▶ **Directions**
Write out word for word the lines from the one holding "Cheonggyecheon arroyo rehabilitado" through the end of the data, and only those lines. Pictures stay out.

▶ **Source data**

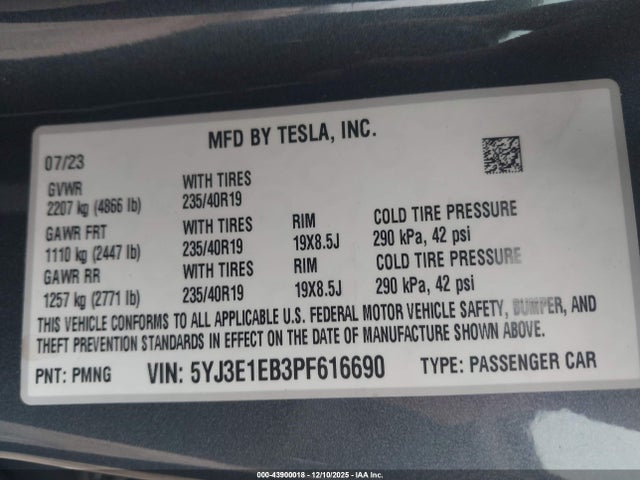 2023 TESLA MODEL 3 5YJ3E1EB3PF616690 Photo 8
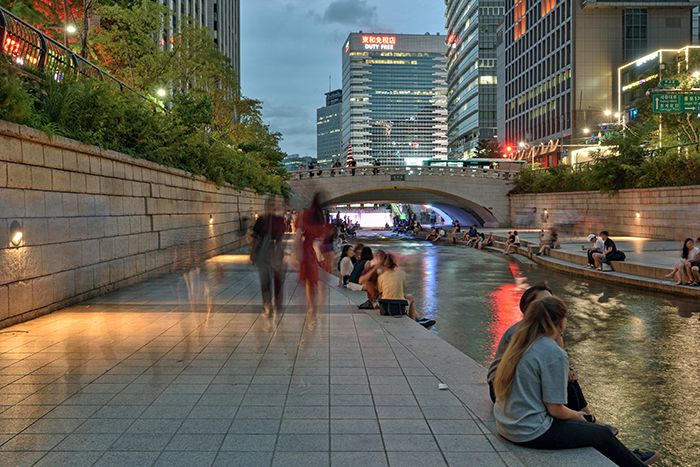 Cheonggyecheon arroyo rehabilitado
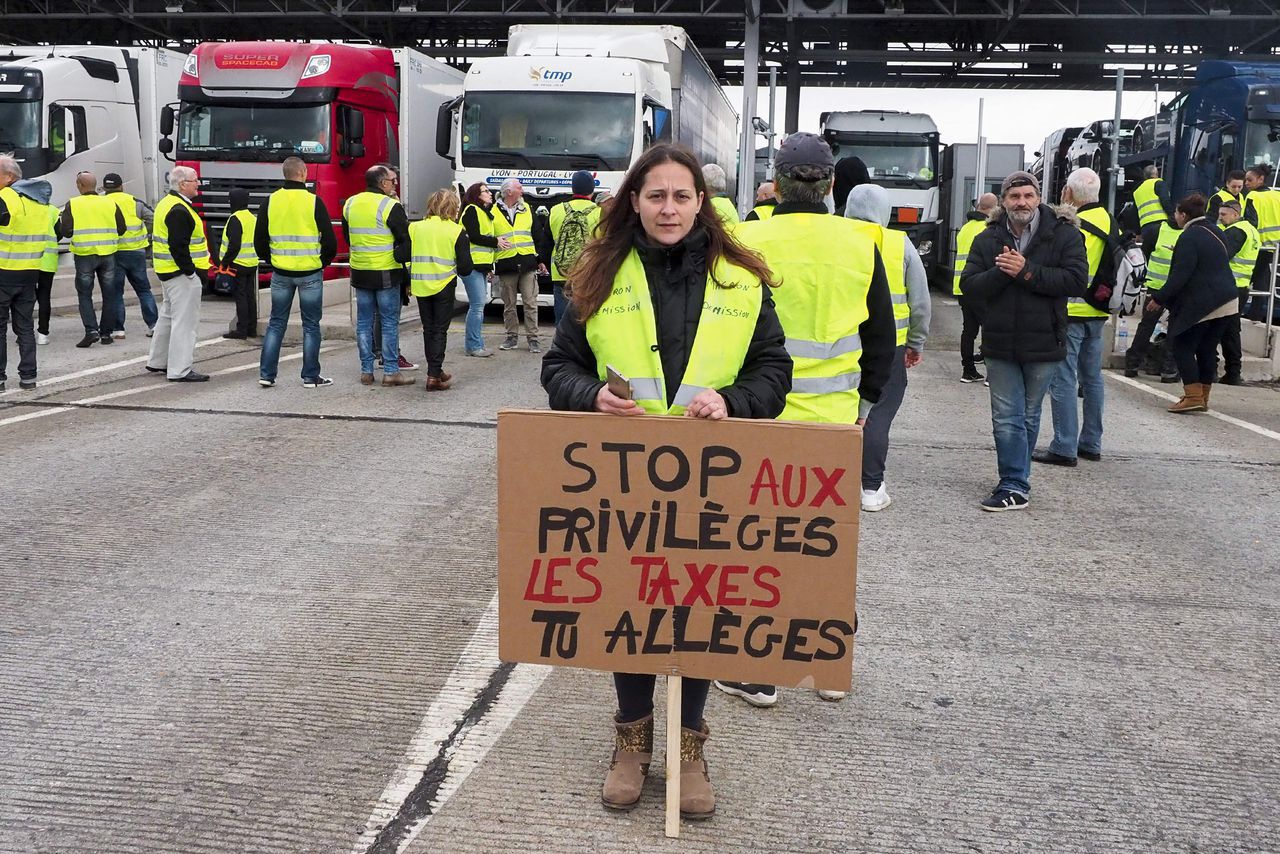 Demonstranten voeren zaterdag in Frankrijk actie tegen de stijgende brandstofprijzen. In de Alpen kwam een actievoerder om het leven na een aanrijding.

▶ **Answer box**
 Cheonggyecheon arroyo rehabilitado
 Demonstranten voeren zaterdag in Frankrijk actie tegen de stijgende brandstofprijzen. In de Alpen kwam een actievoerder om het leven na een aanrijding.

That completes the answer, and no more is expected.